== EXERCISE DETAILS ==
Reproduce every line of the material below, but drop the pictures.

== AVAILABLE DATA ==
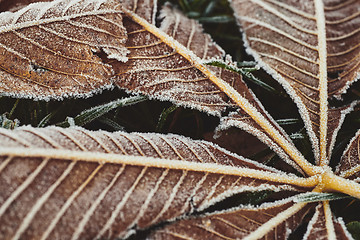 Image showing Fallen chestnut tree leaves covered with frost lie on the frozen grass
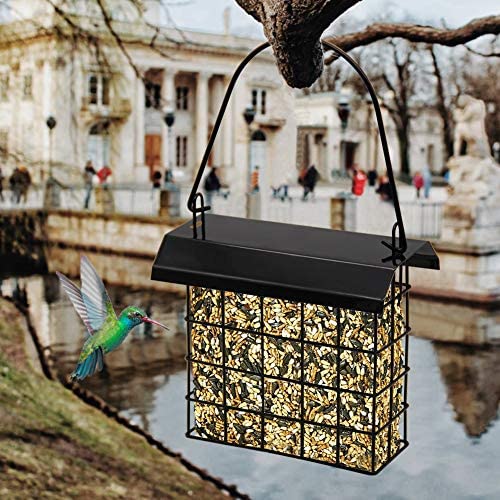 Forup suet feeder open case airflow keeps suet fresh in use.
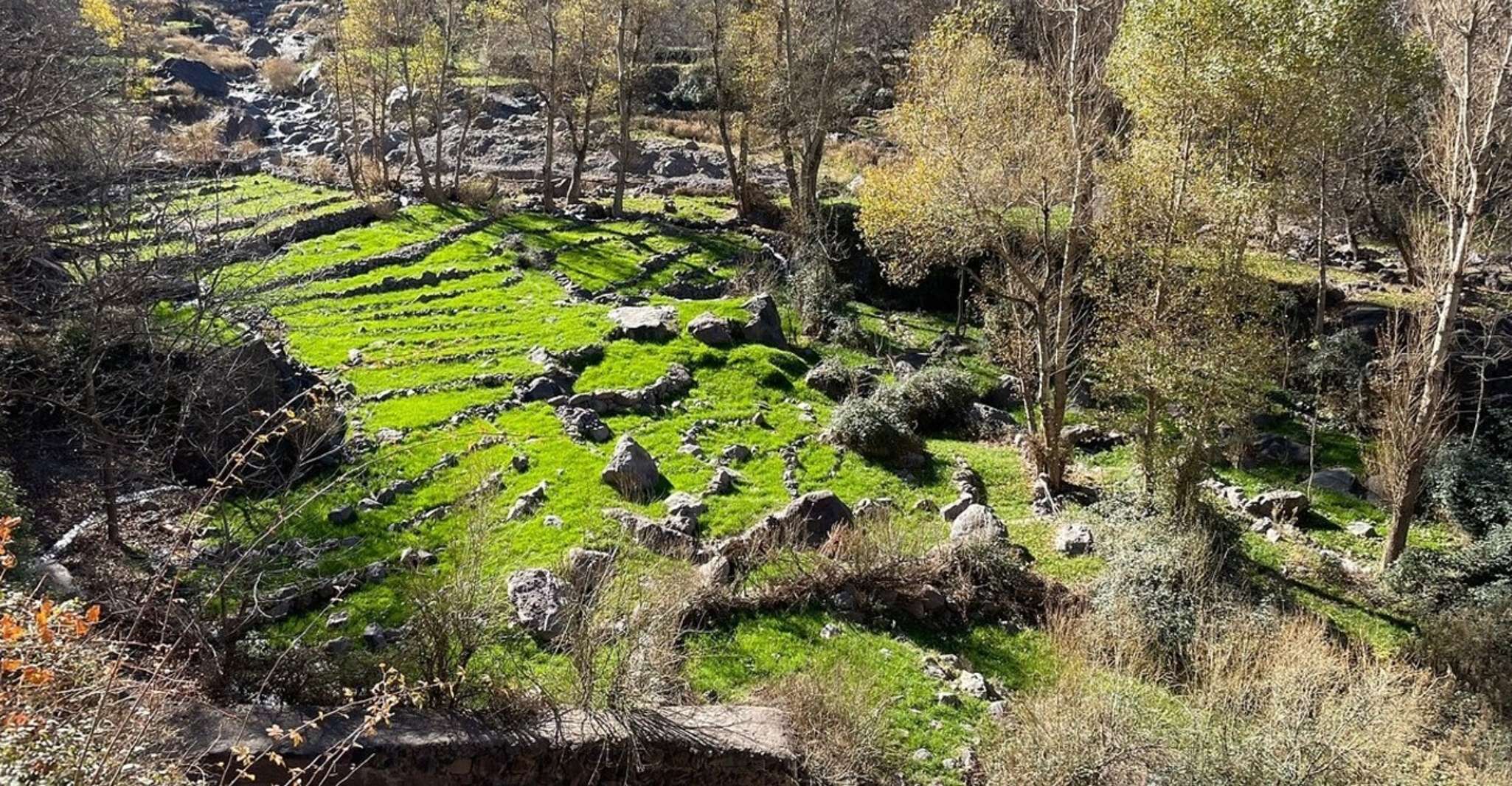 Marrakesch, Atlas Mountains, Berberdörfer & Wasserfalltour - Hizvo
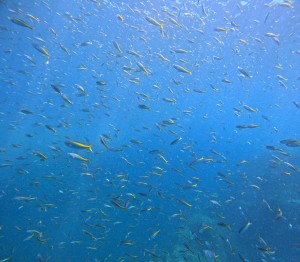 DCIM100GOPROGOPR7435.JPG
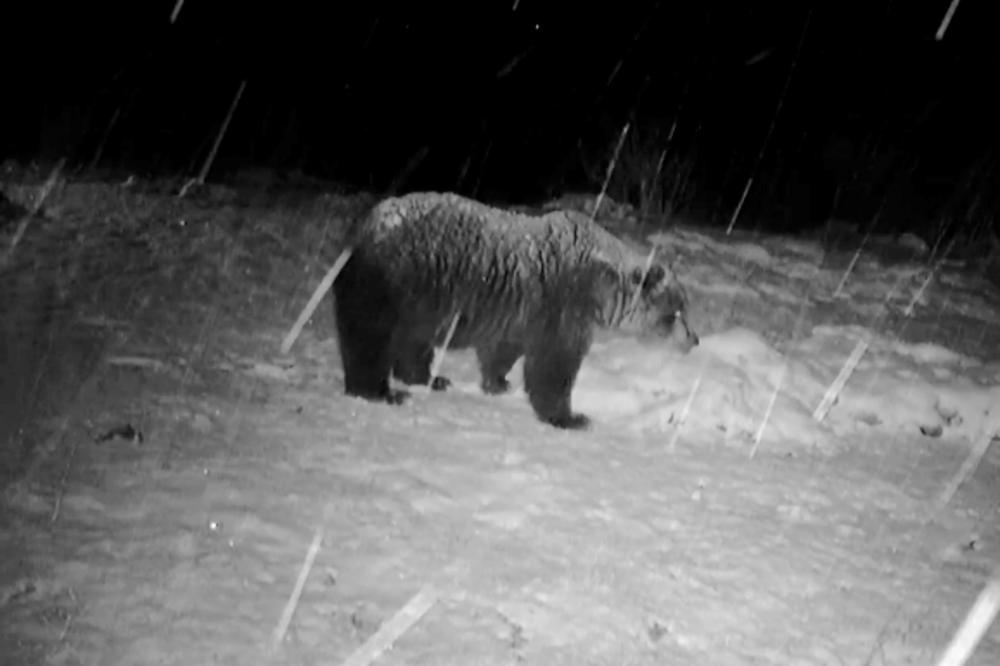 ZIMA JOŠ NIJE POČELA: Snimak medveda sa planine u Srbiji to i dokazuje! (FOTO)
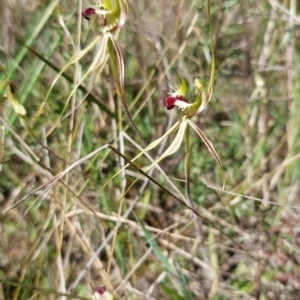 Caladenia atrovespa at Watson, ACT - suppressed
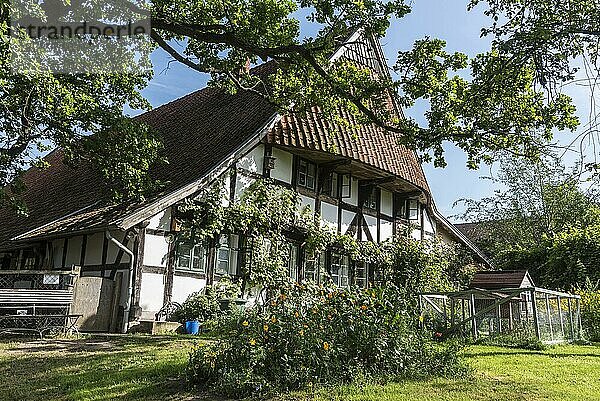 Westfälisches  Storchenmuseum  Windheim  Petershagen  Minden-Lübbecke  Ostwestfalen-Lippe  Nordrhein-Westfalen  Deutschland  Europa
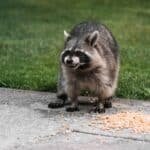 Raccoon Control, Animal Control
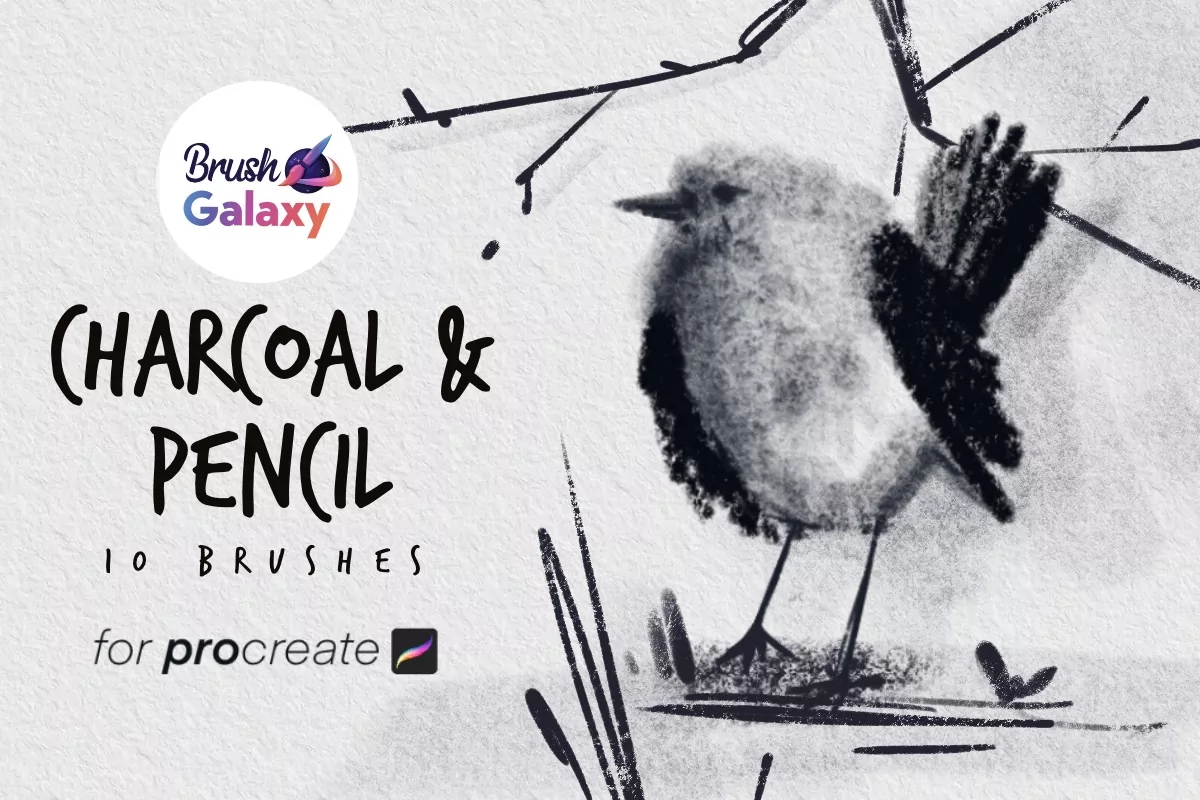 Charcoal &amp; Pencil Brush Set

== RESPONSE AREA ==
 Image showing Fallen chestnut tree leaves covered with frost lie on the frozen grass
 Forup suet feeder open case airflow keeps suet fresh in use.
 Marrakesch, Atlas Mountains, Berberdörfer & Wasserfalltour - Hizvo
 DCIM100GOPROGOPR7435.JPG
 ZIMA JOŠ NIJE POČELA: Snimak medveda sa planine u Srbiji to i dokazuje! (FOTO)
 Caladenia atrovespa at Watson, ACT - suppressed
 Westfälisches  Storchenmuseum  Windheim  Petershagen  Minden-Lübbecke  Ostwestfalen-Lippe  Nordrhein-Westfalen  Deutschland  Europa
 Raccoon Control, Animal Control
 Charcoal &amp; Pencil Brush Set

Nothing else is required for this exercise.